MAN-MADE, voici le titre emprunté à la revue Life, qui s’exprimait en ces termes au sujet du photographe Andréas Feininger “who goes to work to make his own landscape”*. Je reviens souvent vers ce texte, et plus précisément vers cette phrase qui résume selon moi le travail du faiseur. Ce qui m’intéresse c’est la création d’une image de chevet, une manipulation qu’on se donne, peut-être pour se rassurer (et je pense par exemple à la toile de Jean-Michel Basquiat intitulée Gri-Gri). L’image créée, la forme mise au monde devient un talisman, avec une aura protectrice (in)faillible.

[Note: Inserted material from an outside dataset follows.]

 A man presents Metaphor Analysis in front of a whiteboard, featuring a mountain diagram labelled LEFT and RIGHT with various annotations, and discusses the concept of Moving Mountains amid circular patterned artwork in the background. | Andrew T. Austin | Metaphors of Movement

MAN-MADE se base donc sur l’intervention, quelle que soit la forme retenue. Ou peut-être, pour être plus précis, sur le passage décisif de l’observation à l’intervention. La mesure de MAN-MADE, c’est ce passage. Ce passage à l’acte prend forme avec les masses fragmentées mais néanmoins recomposées de Marion Verboom, qui, vigies organiques, se positionnent dans l’horizon et créent un dialogue avec la peinture Elzevir faite de lignes parasitées masquant les points de fuite. Raphaël Barontini intervient dans cet espace via des mirages solides, vues hallucinées, demi-rêvées qui strient la rétine. Les peintures de Mireille Blanc, constellation triviale, se placent dans la trajectoire en tant que réminiscences du quotidien, breloques et fétiches collectionnés. Dans cette perspective, Constance Nouvel prend possession des leurres de notre quotidien, les cisaille et fait ployer son support. Non loin, Chloé Dugit-Gros construit une amulette géante, objet de confiance, le bien-nommé Talisman. C’est Catalina Niculescu qui clôt ce vagabondage et offre au voyageur un repère, une aide : le Modulor, outil précieux mis au point par Le Corbusier.
Tous ces artistes prennent à bras le corps les constats, les sélectionnent et les tordent pour les faire entrer dans leur schéma, parti pris d’une mainmise sur le tangible. MAN-MADE est un horizon double, né de la solidité de l’objet ou de la vapeur des songes. Ou l’inverse.